What to Do if You Agree But Can’t Afford to Pay
Usually, when you receive an IRS CP2000 notice, you aren’t expecting another tax bill. You already filed your tax return, paid the balance, and moved on with your life. Getting a CP2000 notice out of the blue often means you have a tax bill that you haven’t budgeted for.
Luckily, the IRS offers a lot of options for people who can’t afford to pay their tax bills in full. In particular, you may want to do one of the following:
Request a monthly payment plan
If you want to make payments through a IRS notice of deficiency payment plan, include a copy of Form 9465 (Installment Agreement Request) when you respond to your IRS notice CP2000. You can also set up a payment plan online, but you won’t be able to do this until the proposed amount becomes a tax assessment — that is, after the deadline to respond to the letter has passed.

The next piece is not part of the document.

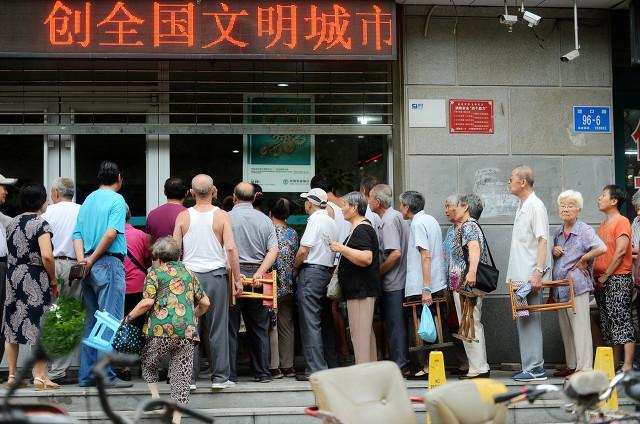 8月起,养老金到账日期有变,退休人员注意三件事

Request currently not collectible status
If you can’t afford to pay the bill, you can ask the IRS to label your account as currently not collectible. There is no specific form to make this request. You just need to reach out to the IRS and let them know about your situation.
However, this isn’t a permanent resolution. Your tax bill will continue to exist, and it will also continue to accrue interest. The IRS will review your situation every few years, and if your finances improve, the agency will demand payment.

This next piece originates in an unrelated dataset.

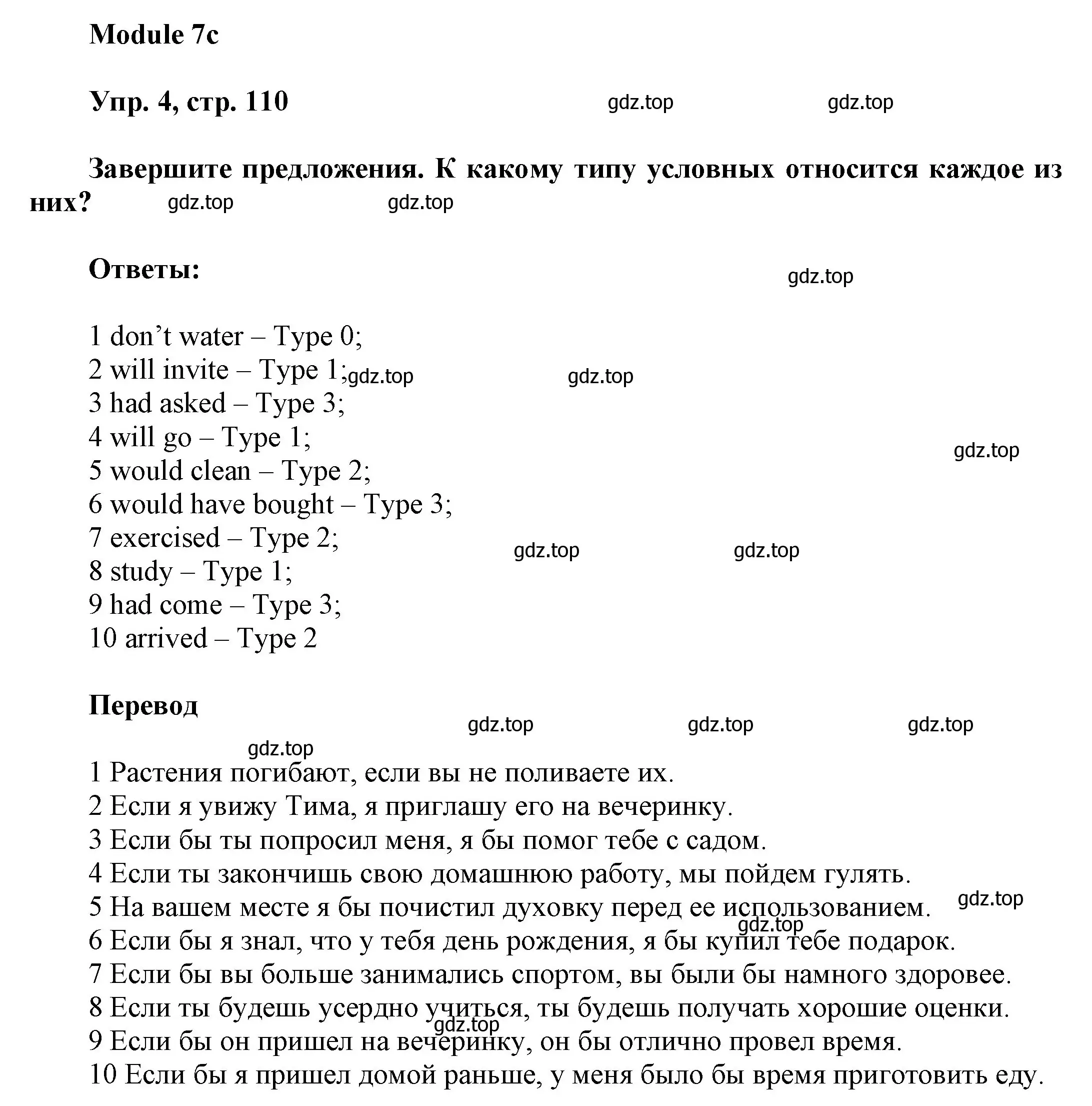 Решение номер 4 (страница 110) гдз по английскому языку 9 класс Ваулина, Дули, учебник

Apply for an offer in compromise (OIC)
The OIC program lets you settle your tax bill for less than you owe. You can either make a single lump-sum payment or make payments over a two-year term. You have to prove that your offer is the most you can afford to pay. This program requires a long application with detailed information about your assets, debts, expenses, and income or payment information.
Look into a partial payment agreement
The partial payment installment agreement is a hybrid between the OIC and the installment agreement. Like an installment agreement, this option lets you make monthly payments on your tax debt, but like the OIC, it also lets you pay off your tax debt for less than you owe. Basically, you make the highest payments that you can afford until the collection statute expiration date. Then, the IRS forgives the remaining amount.
What to Do if the CP200 Includes Self-Employment Income
Say you earned self-employment or freelancer income, but you forgot to report your 1099 or you didn’t know you had to. In this case, the IRS will send you a CP2000 showing the unreported income and the additional tax you owe. However, at this point, you may be able to offset the income with business expenses.
Here’s an example. Let’s say you drove for a ride share company and they sent the 1099 to the IRS. You can claim expenses related to milage and other costs incurred while you were working. To do this, you will generally need to amend your original tax return and include a Schedule C to report the income and expenses.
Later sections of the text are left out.